“I don’t even know if it really was love,” I tell her. “I thought it was at the time, but then most of that was revealed to be lies anyway. So I don’t trust anything. But what I do know is that 90% of it was sad.
“I think that because of the weirdness with Dad growing up, and from being so, so close to Edward and then dealing with his suicide, I don’t think I know a love that is healthy. I don’t understand love with the absence of pain.”
She started crying.
I wanted to write a pitch for CRWN’s love issue, before realizing I had nothing sensical enough to say. I considered dragging up What it Might Be, but didn’t feel like recycling. So instead, I allowed the issue to pass, while continuing to reflect.
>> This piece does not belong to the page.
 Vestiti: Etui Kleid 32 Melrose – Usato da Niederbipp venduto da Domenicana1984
Then I listened to John Legend’s project.
This time, I think that love may be flying through a trapeze in pitch black. You can’t see where you’re going, or really any of your surroundings, but you can feel out what’s there.
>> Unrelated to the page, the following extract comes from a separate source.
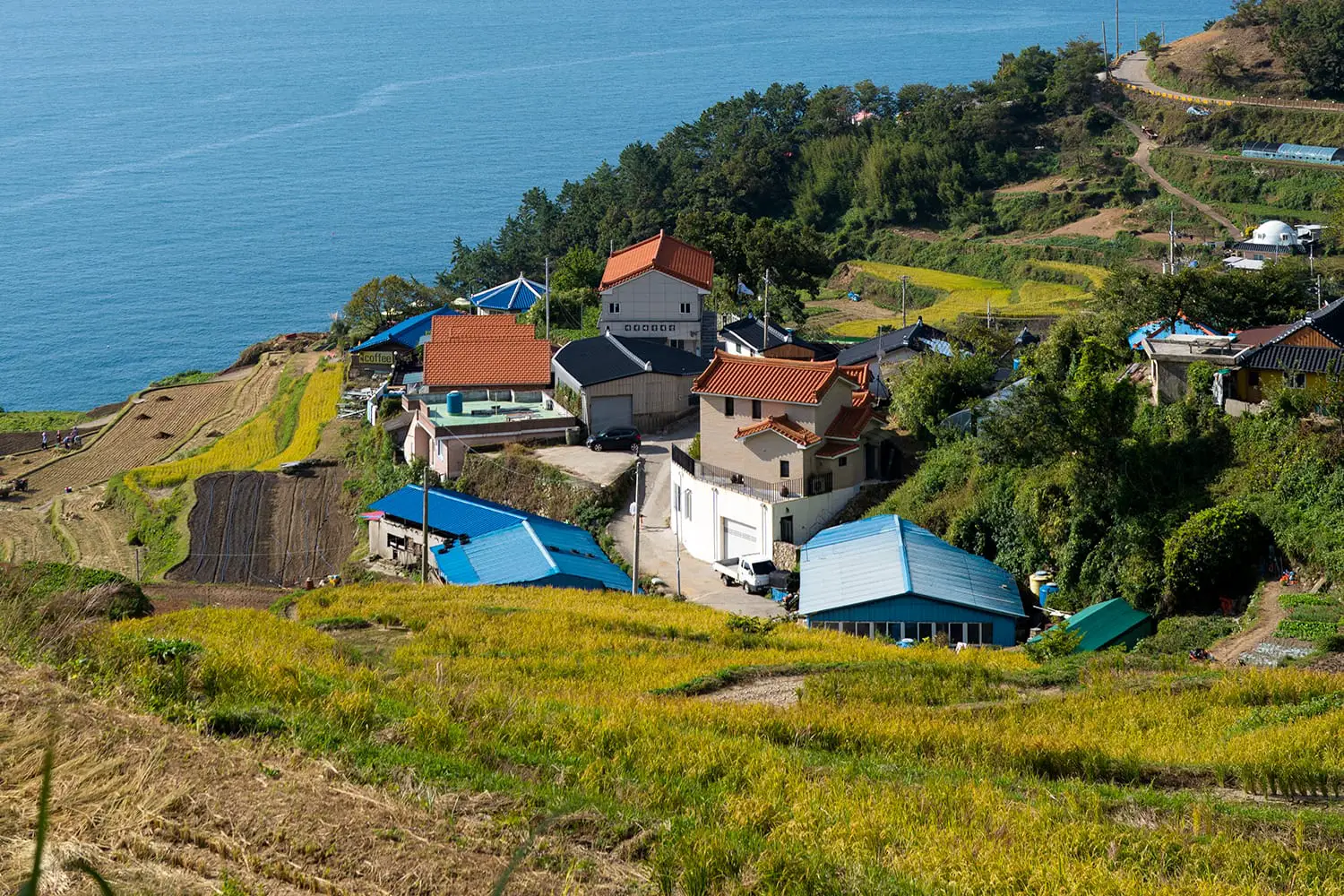 Gacheon Darangee/Daraengi Village house with sea view and rice paddies at Namhae, South Korea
As you spin, contort, and flip yourself through the air, there’s the moment where you let go of the ropes and poles on which you hang. You fly, blindly, arms outstretched, ready to be
And hands feel you, grab you, pull you out of the air and back into the motion of a loop, before tossing you on and allowing you to fly again. Maybe you’ll go off flying together, waiting for nets or other hands to catch you. Maybe they’ll let you go for a minute, but come back to catch you later.
Maybe they’ll drop you, and you’ll fall.
You have no idea. You can’t see. You can only follow the motion of your hoops and crests. Can only fly off on your faith.
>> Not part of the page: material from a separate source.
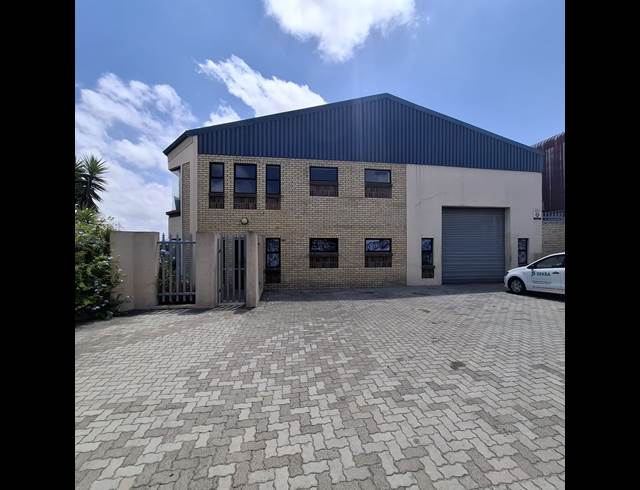 333M² WAREHOUSE TO LET IN EVERITE INDUSTRIA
If the hands do drop you, you have to fall with faith, too, and hope that new ones appear to catch you before you hit the ground. Maybe you’ll fly higher with them. Who knows.
If you crash to the ground, will it have been worth it?
I don’t know. Falling, you probably won’t think so.
When you’re at the peak of your arc, though, after the first time you’ve been caught and flung up again, you’ll know that this is the best feeling in the world.
At least I hope so. I can’t really remember, and I’m still swinging. I won’t let go for sadness or abuse this time.